The message of the Gospel, the romance of the Gospel, is revolutionary. Let us not forget the implications it has, not just for ourselves but for women around the world. And we need to bring it to them. The boundaries of women’s ministry must not end in our own churches and small groups. They should expand across every tongue and nation.

As you think about women’s ministry in your own context, I challenge you to broaden your scope. Don’t minister to women solely to benefit those in your immediate area of influence. Dream bigger. Our churches need to be hubs for sending women out into the community and the larger world with the transformative message of the Gospel. Women all over the world are aching for it. The brightness of its message will surely sparkle in the darkness. The women are ripe for harvest! So go and reap. Millions of women are walking a step and a half behind their husbands, but God wants to hold them in His arms. We need to tell that love story.

4 Comments

  • Ritika says:

    Hi Sharon,

    I just wanted to let you know that I sent a reply through the “Contact” part of the web site and I don’t think it followed through to you. It just posted on the website publicly. I think there may be a glitch in that area.

    Thank you!

  • Nina says:

    Sharon,
    Do you find that these women are receptive to receiving these truths? I am curious how you approach women with Captivating-type lessons to those who have been so devalued for most of their lives? Any suggestions?

  • Sharon says:

    You know that’s a really good question, Nina. I think that someone who has done ministry more regularly in a Muslim culture would be best to answer that, so if any of my readers in that part of the world cares to comment, please do!

    I CAN say that when I was in Africa (specifically, Cameroon) doing AIDS education, I tried to emphasize the message of God’s extravagant love to the women in the audience. I explained that God created them for a purpose and treasured them dearly, so they didn’t need to fill that need for love by having promiscuous sex with men, which subsequently made them more vulnerable to STD’s. The message was very well received. I can’t speak for the entire continent of Africa, of course, but I was surprised by how enthusiastically the women there accepted the message.

  • Sharon says:

    A friend of mine serving overseas asked me to post her thoughts since she has bad internet and wasn’t able to herself. I think she offers some great insights!…
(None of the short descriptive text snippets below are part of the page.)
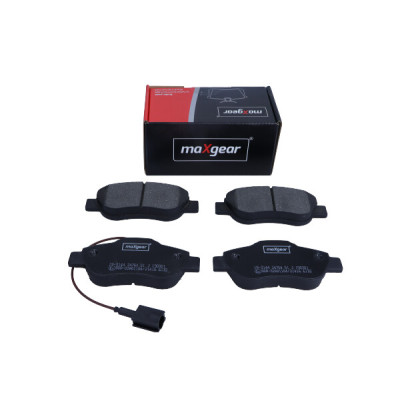 MAXGEAR KLOCKI HAMULCOWE FIAT PRZÓD 500 07- 1,3D/KA 09- 1,3TDCI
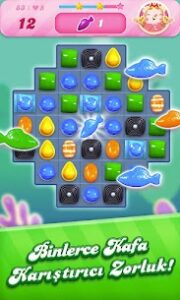 Candy Crush Saga Mod Apk Hamle Ve Güçlendirici Hileli1.278.1.1 4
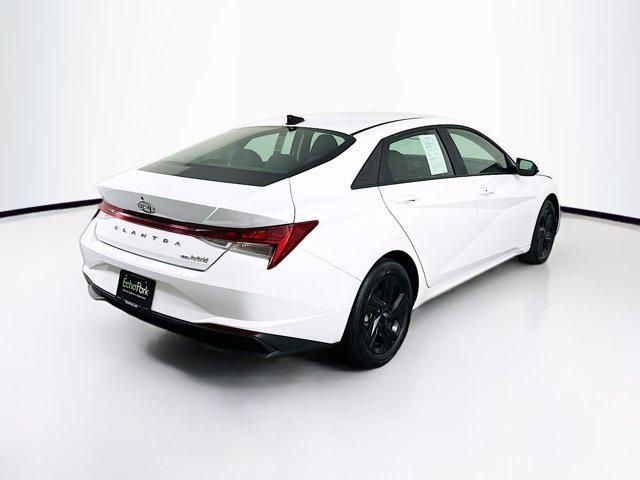 used 2023 Hyundai ELANTRA HEV car, priced at $19,797
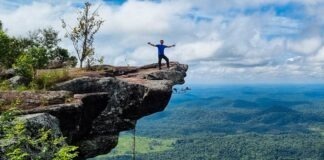 Serra do Tepequém - Mirante Mão de Deus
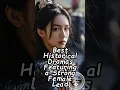 Download Lagu Best Historical Dramas Featuring a Strong Female Lead. #chinesedrama #wuxiadrama #cdrama2025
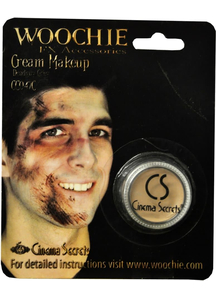 Grey Dead Mask Cover Carded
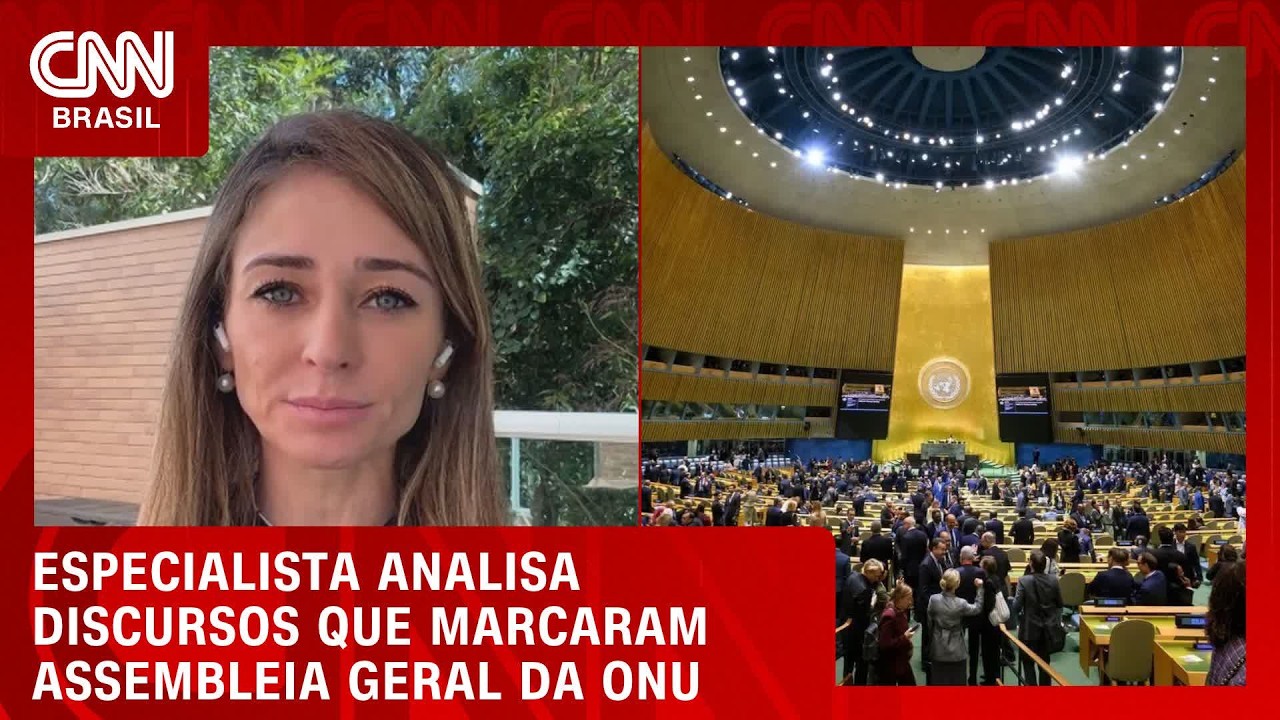 Veja os principais discursos da Assembleia Geral da ONU | CNN AGORA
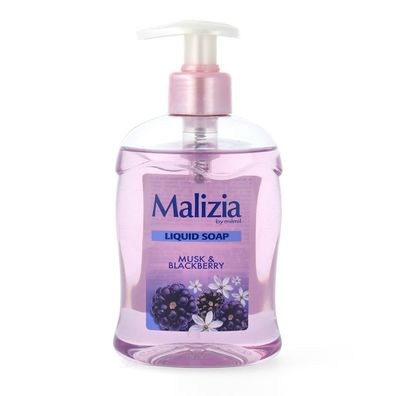 Malizia Flüssigseife mit Moschus & Brombeere 300ml mora e muschio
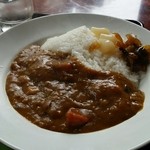 夏沢鉱泉 - 昼食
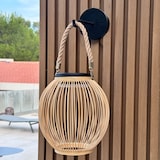 thumbnail of Lumisky Aplique solar ISALINE 100LM Rotin Beige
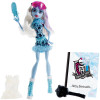 Monster High Art Class Abbey Bominable Doll 2013 Mattel BDF13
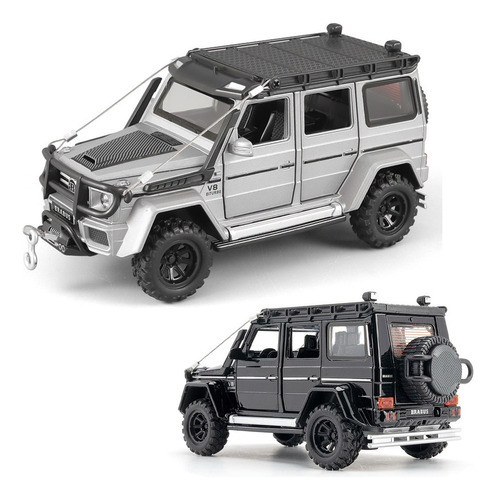 Benz G550 Modificada Brabus Explorer Miniautos Metal 1/32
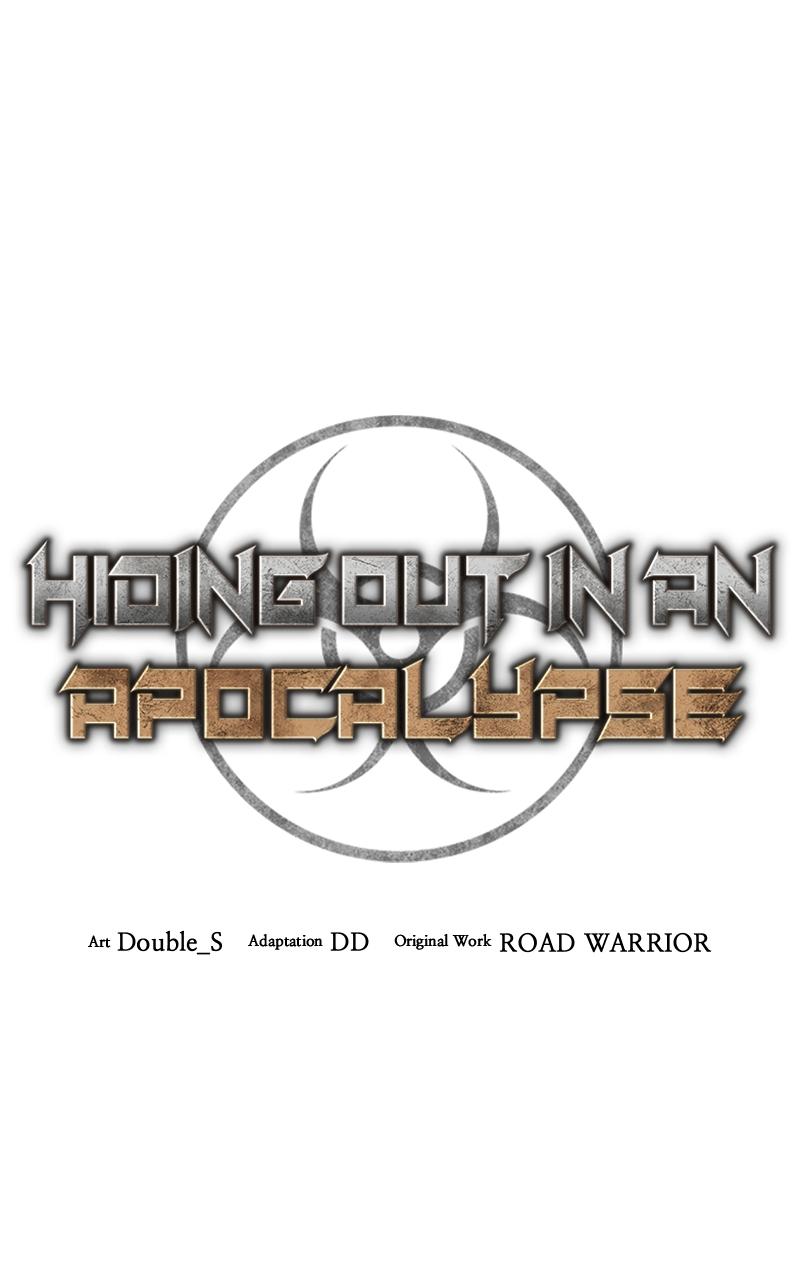 Hiding Out in an Apocalypse Chap 19 - Next Chap 20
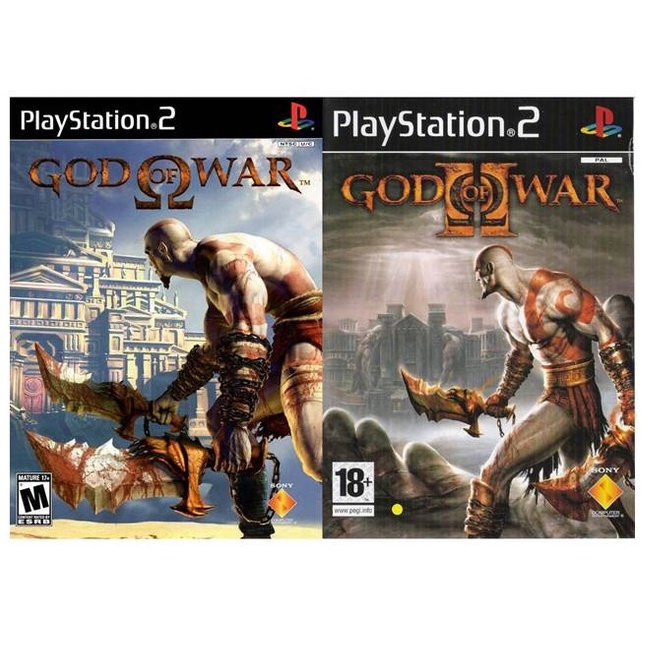 God of War ii - Jogo PS2 Midia Fisica no Shoptime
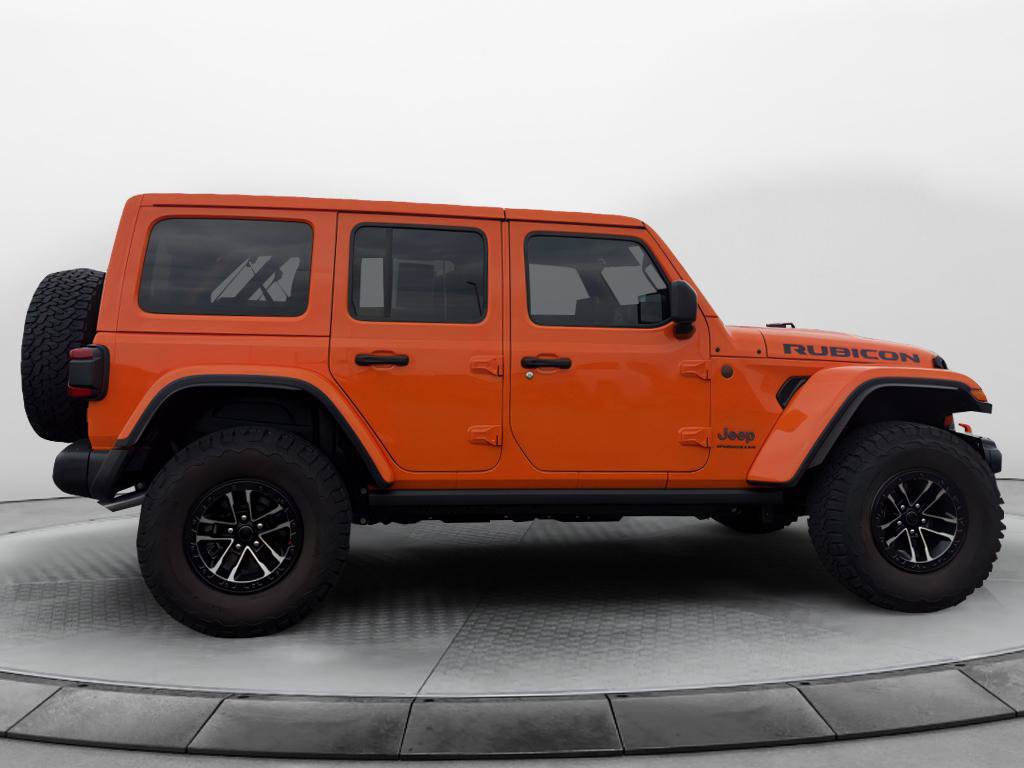 Used 2025 Jeep Wrangler Unlimited Rubicon AWD/4WD image 5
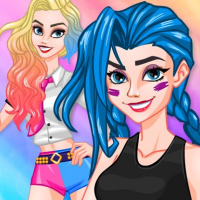 Crazy BFF Party Online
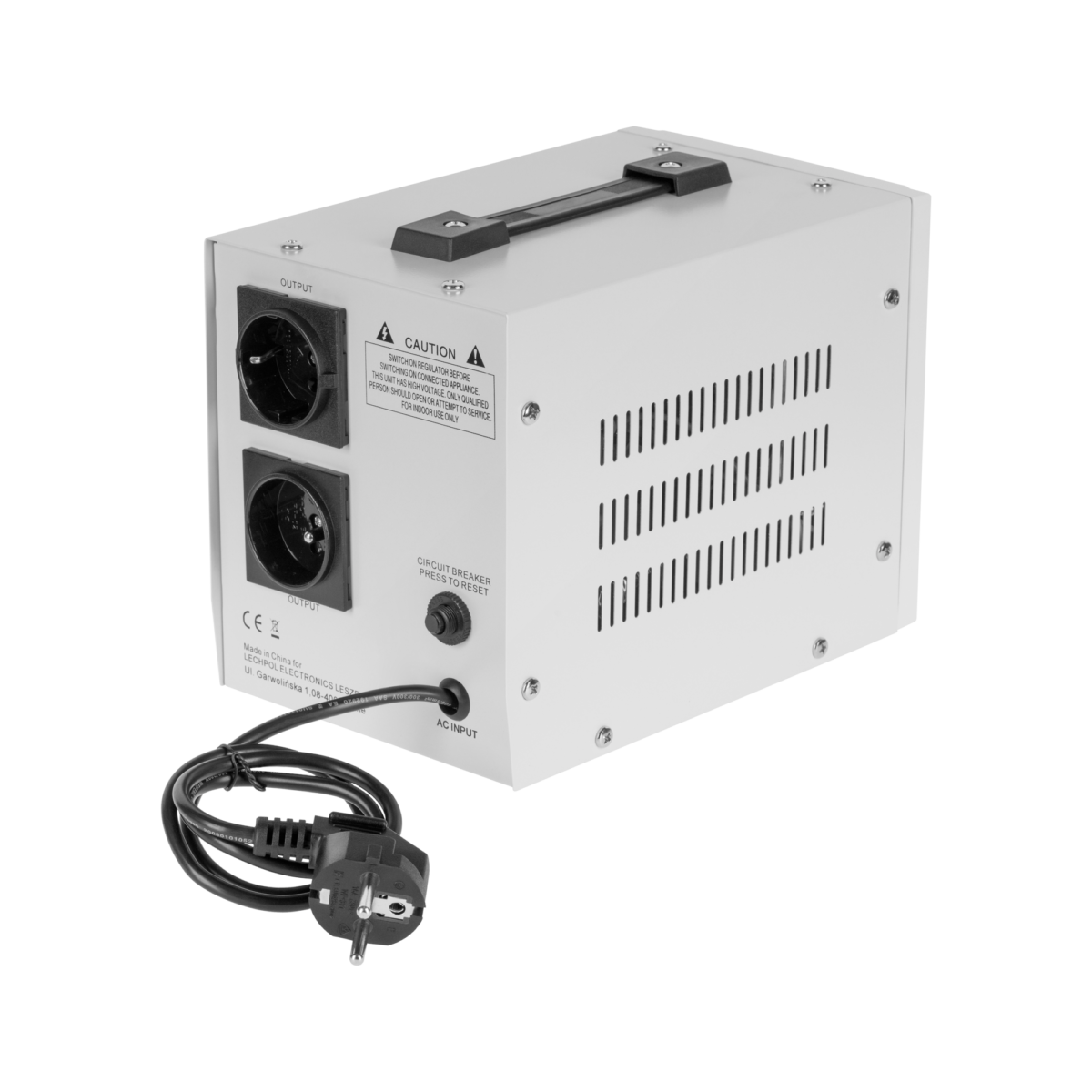 Автоматичний стабілізатор напруги KEMOT SER-2000 - Зображення 3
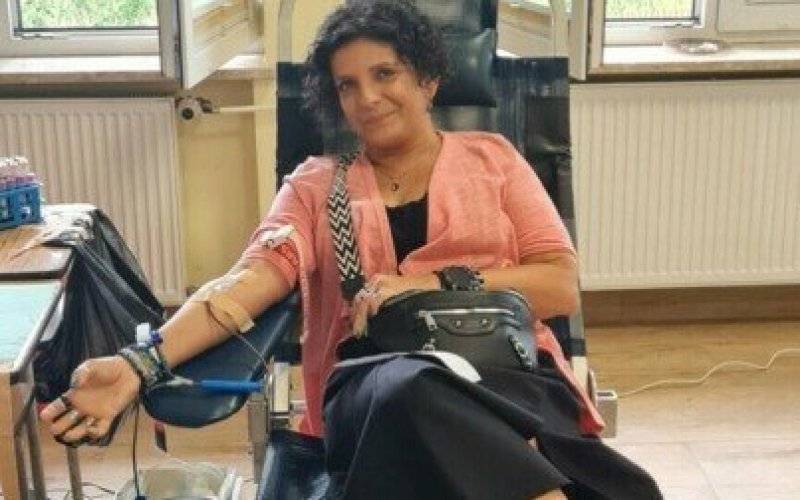 Zebrano 20 litrów drogocennej krwi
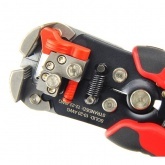 Инструмент для снятия изоляции КВТ 0,05-10,0мм2 WS-15 Вольтмастер с бесконтактным индикатором напряж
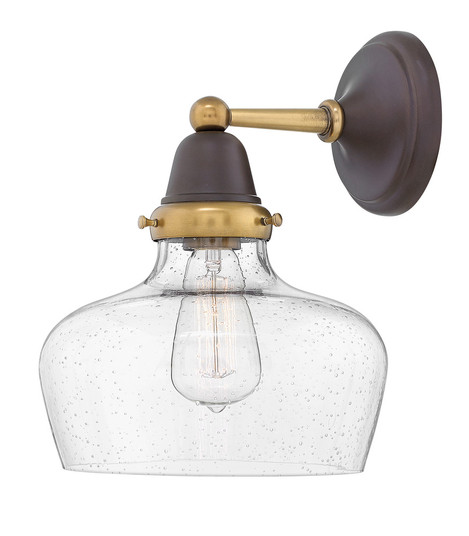 Medium School House Single Light Sconce (87|67002OZ) Medium School House Single Light Sconce (87|67002OZ)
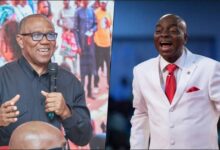Peter Obi begs Bishop Oyedepo to canvass Christian votes in leaked audio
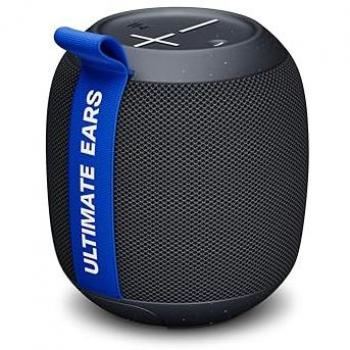 Altavoz Bluetooth portátil Ultimate Ears Wonderboom Play, 10 horas de batería, resistente al agua IP67, emparejable, 40m de alcance - Negro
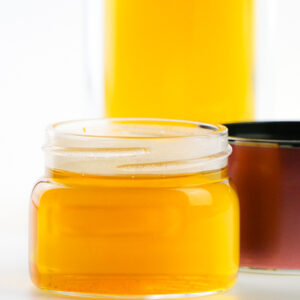 фото - термос стеклянныц инфузер 200мл розовый, металлич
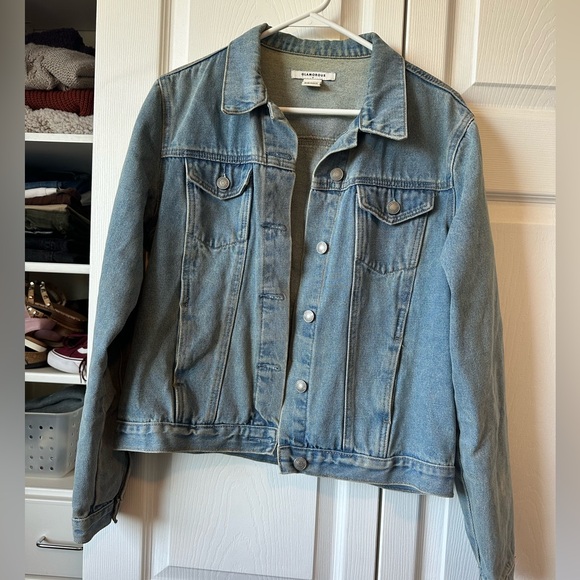 Painted Denim Jacket - Picture 1 of 3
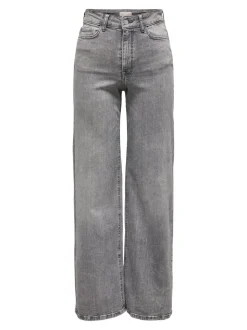 JDYFELINA-FINA Taille haute Wide Leg Fit Jeans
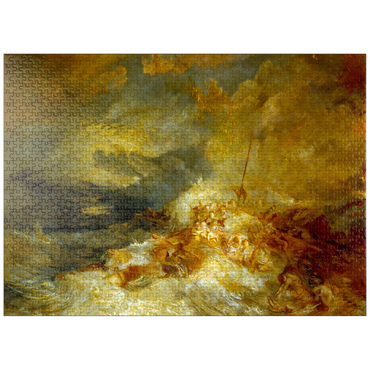 puzzleplate A Disaster at Sea 1000 Jigsaw Puzzle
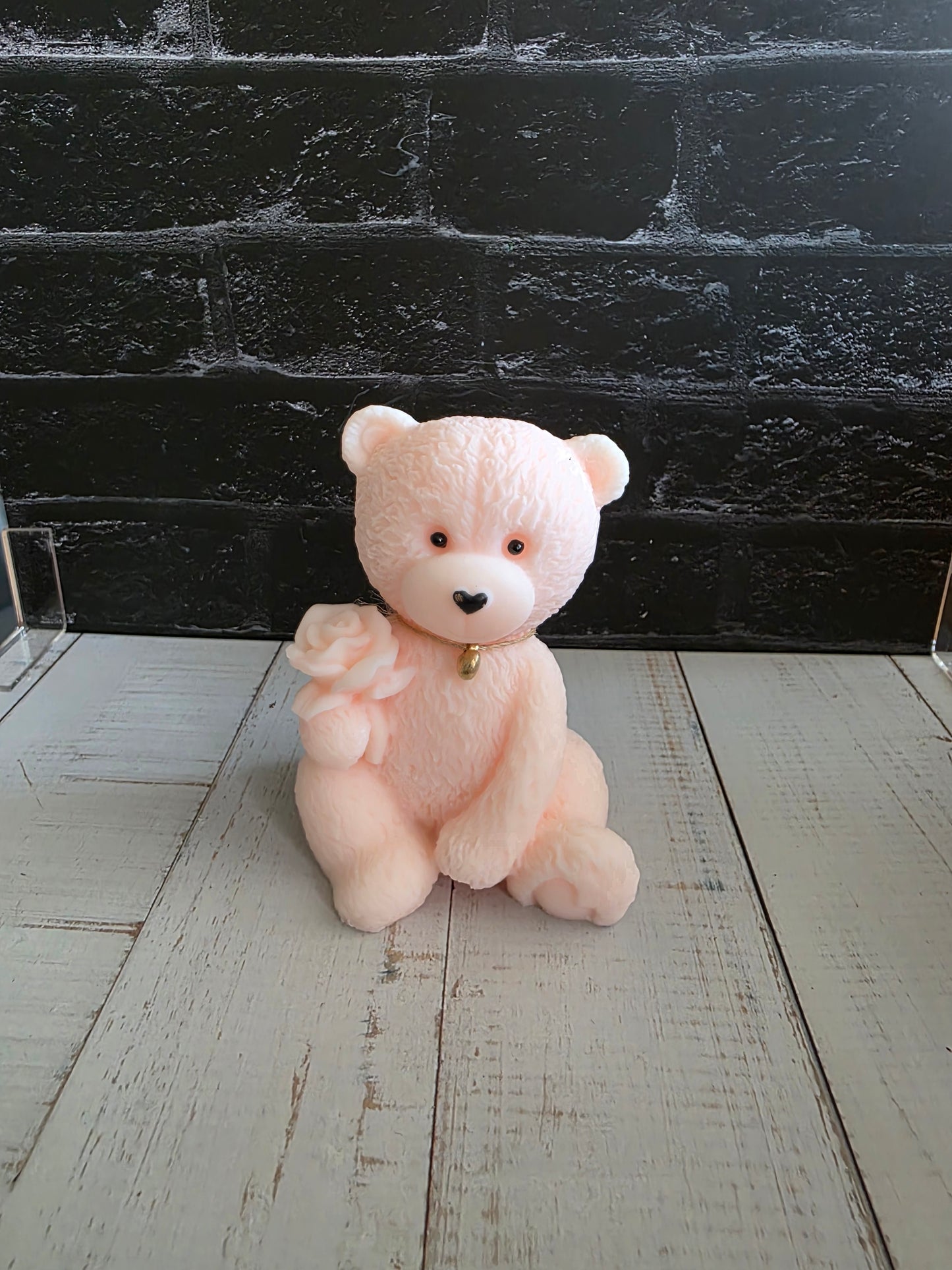 Teddy-Rose Duftkerze – das perfekte Geschenk mit Herz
    I think you are absolutely right that this idea is at the heart of reaching Muslim women – actually all women. The point is that the very nature of the Christian God is different from the concept they have in Islam. He is a God that cares about women and would pursue them. A God who cares about the individual is absolutely radical and speaks right to the heart of not only these women, but all women coming to know the Lord. The difference for these women is that they don’t have a context for understanding what romance is at all. It’s through learning who He is that they begin to understand what a truly good marriage and father should look like. One of the things that truly reaches women and even men in this context is seeing a Christian pray. And what they are touched by is the intimacy of it – that we are talking to God like a father, a friend – someone who cares whether their kid lives, their husband leaves them, or just if they are happy. That we have a God who would think us valuable enough to listen to us and let us sway His actions through our prayers is absolutely radical to a woman who is taught that her only value is in producing children. But, though this message is radical and life-changing to a few, it’s difficult to understand for most. How do you overcome the lies you’ve been told your whole life? How does one person telling you about a God who loves you affect your mind after hearing your whole life that God wants you to be locked away in case you tempt a man? The message is true and wonderful and healing, but it’s being received slowly. Statistically, it takes at least 7 times of hearing the Gospel before a Muslim even begins listening. And the women are hard to reach because they are locked away and kept in “check” all the time by their society. It’s hard work, but yes, I think this is the message that these women are absolutely craving.

    Sorry I couldn’t post it myself!